■ Your objective ■
The material below holds a span beginning at the line with "Poste Aérienne N°" and ending at the line with "Pistachio Pink I". Quote that span exactly, both ends included, and only that span.

Provided entries Block Start

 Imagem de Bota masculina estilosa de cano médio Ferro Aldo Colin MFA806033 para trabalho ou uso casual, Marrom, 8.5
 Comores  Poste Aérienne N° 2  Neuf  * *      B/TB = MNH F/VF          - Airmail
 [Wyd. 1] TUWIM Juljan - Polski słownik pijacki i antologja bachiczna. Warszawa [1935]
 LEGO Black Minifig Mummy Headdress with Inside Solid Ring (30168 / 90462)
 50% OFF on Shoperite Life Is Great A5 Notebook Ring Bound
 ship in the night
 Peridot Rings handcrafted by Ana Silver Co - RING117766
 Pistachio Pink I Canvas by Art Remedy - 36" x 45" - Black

Provided entries Block End
Provided entries Block Start

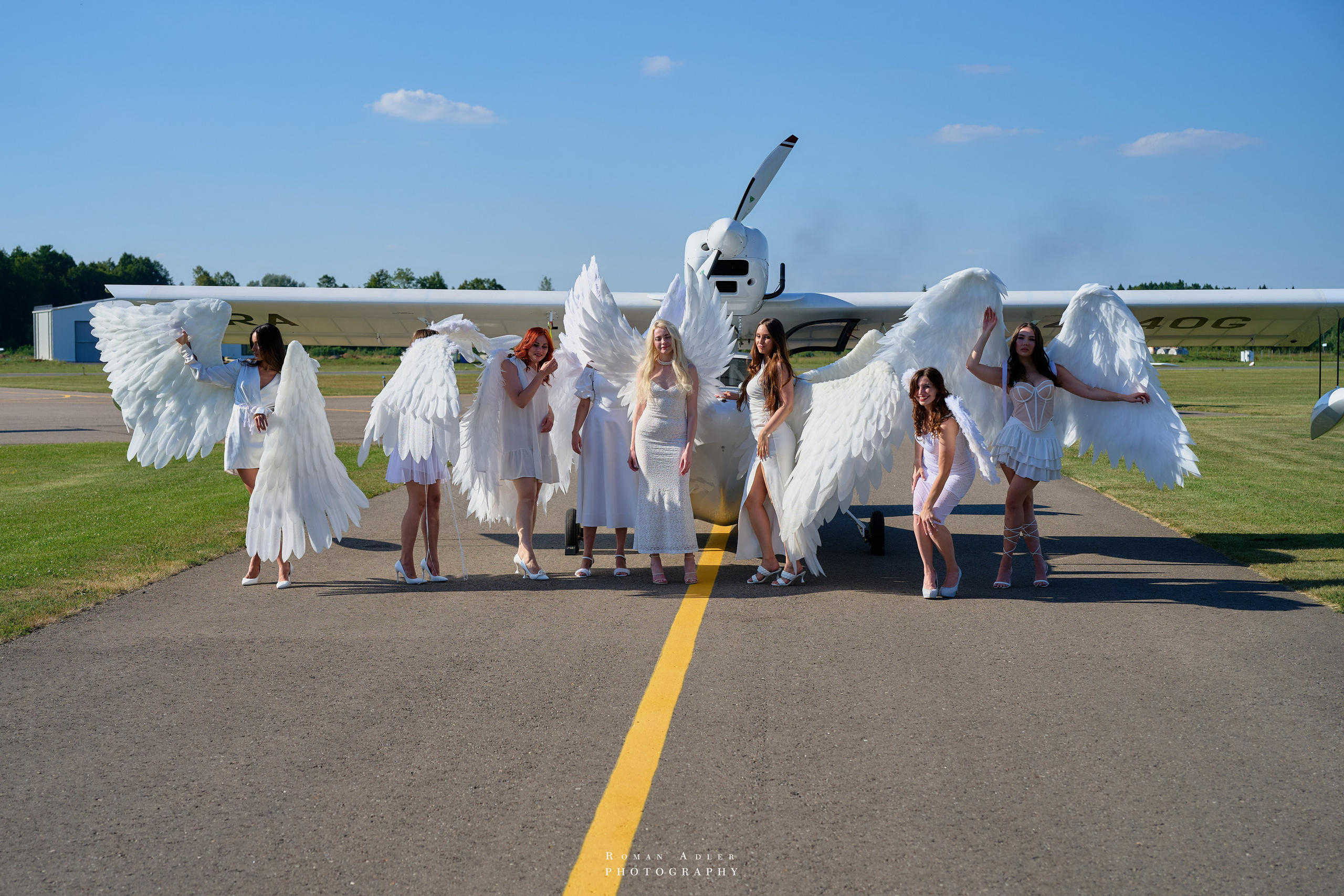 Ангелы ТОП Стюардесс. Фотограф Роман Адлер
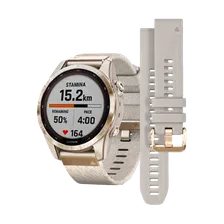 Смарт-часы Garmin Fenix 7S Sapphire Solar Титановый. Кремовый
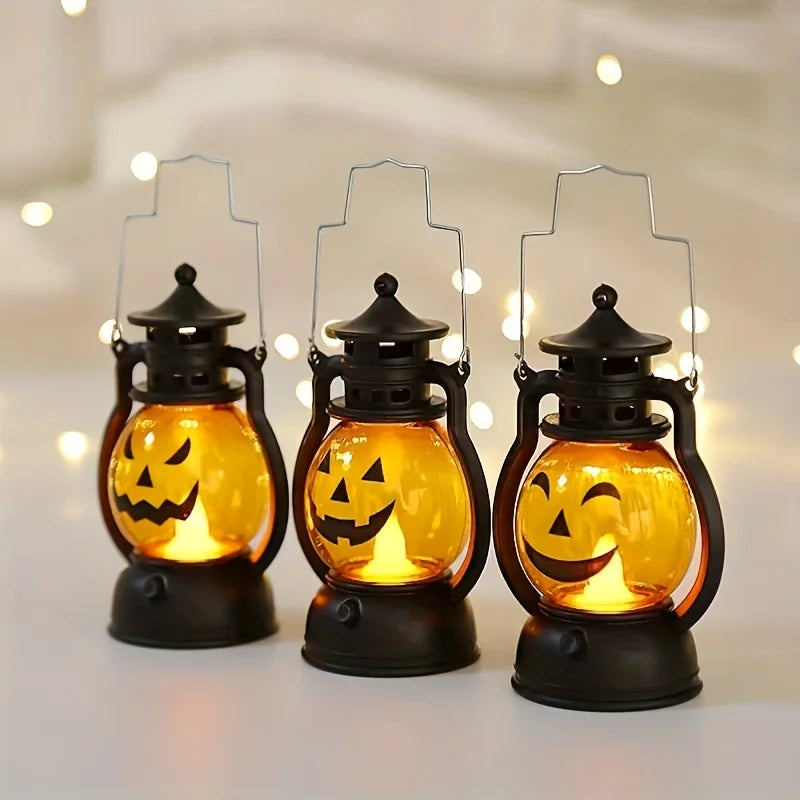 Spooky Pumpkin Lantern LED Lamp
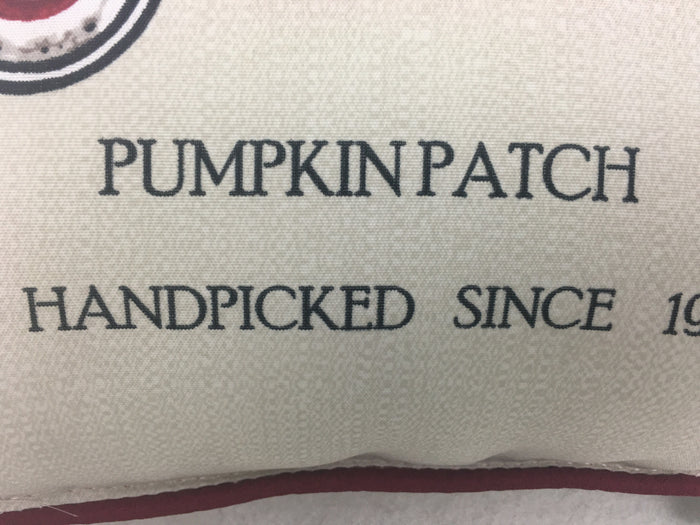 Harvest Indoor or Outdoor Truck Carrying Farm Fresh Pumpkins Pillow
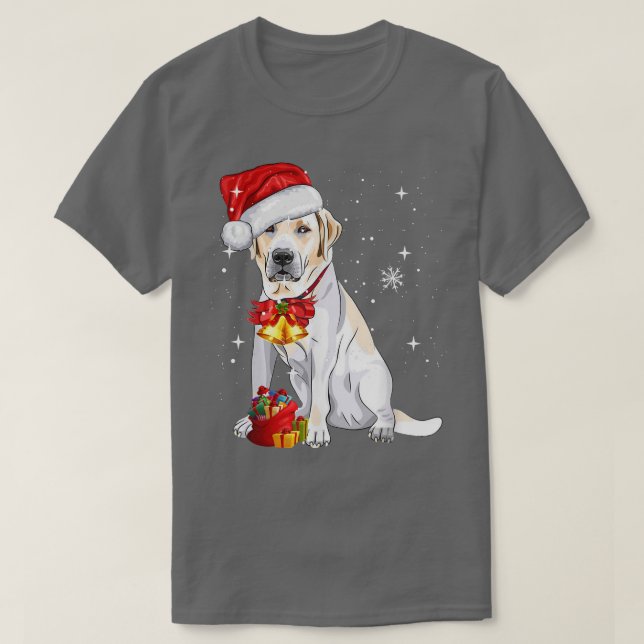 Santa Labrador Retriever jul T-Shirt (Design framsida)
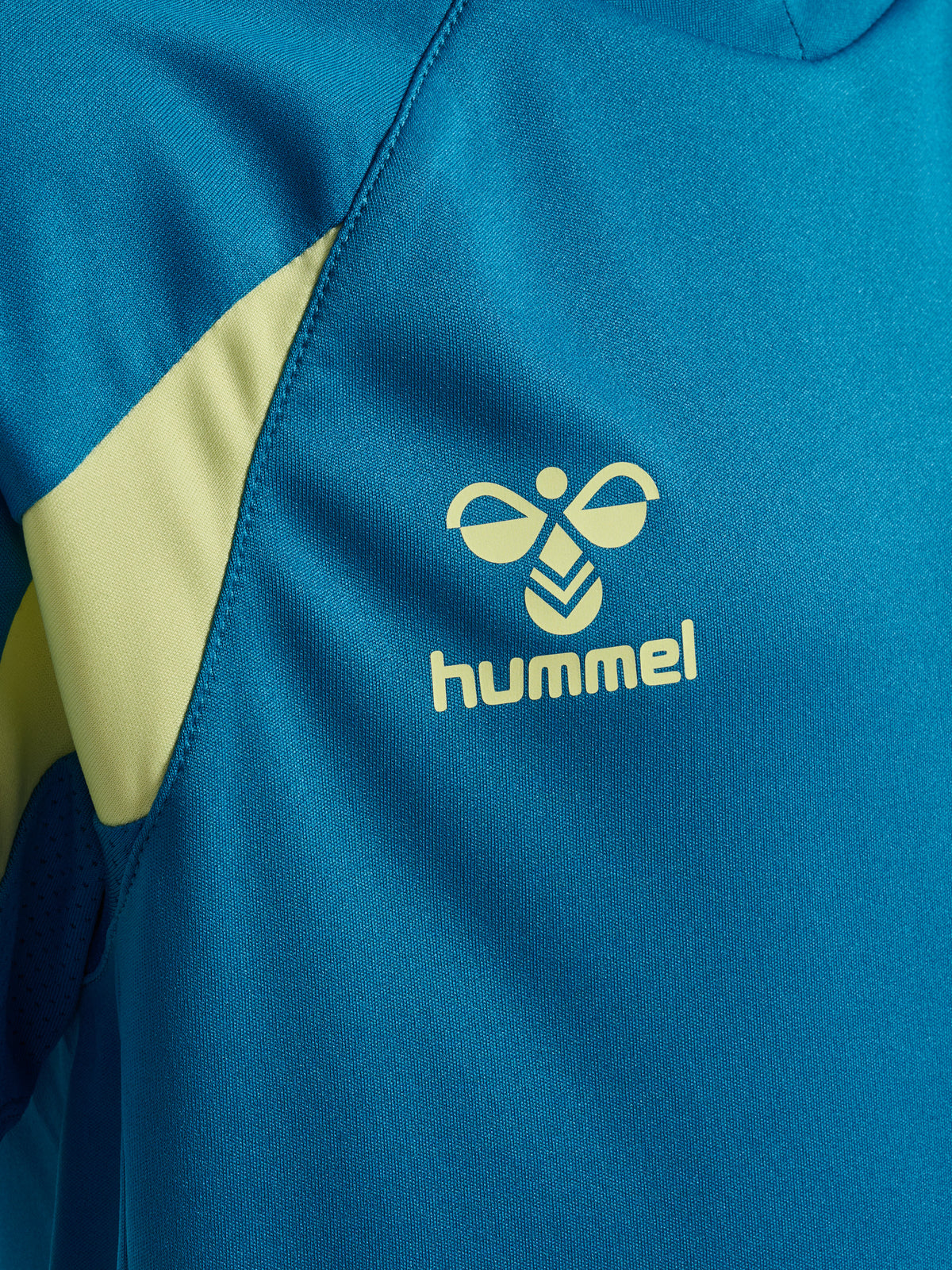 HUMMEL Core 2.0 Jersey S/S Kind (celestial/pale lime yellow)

Provided entries Block End

■ Solution to this task ■
 Comores  Poste Aérienne N° 2  Neuf  * *      B/TB = MNH F/VF          - Airmail
 [Wyd. 1] TUWIM Juljan - Polski słownik pijacki i antologja bachiczna. Warszawa [1935]
 LEGO Black Minifig Mummy Headdress with Inside Solid Ring (30168 / 90462)
 50% OFF on Shoperite Life Is Great A5 Notebook Ring Bound
 ship in the night
 Peridot Rings handcrafted by Ana Silver Co - RING117766
 Pistachio Pink I Canvas by Art Remedy - 36" x 45" - Black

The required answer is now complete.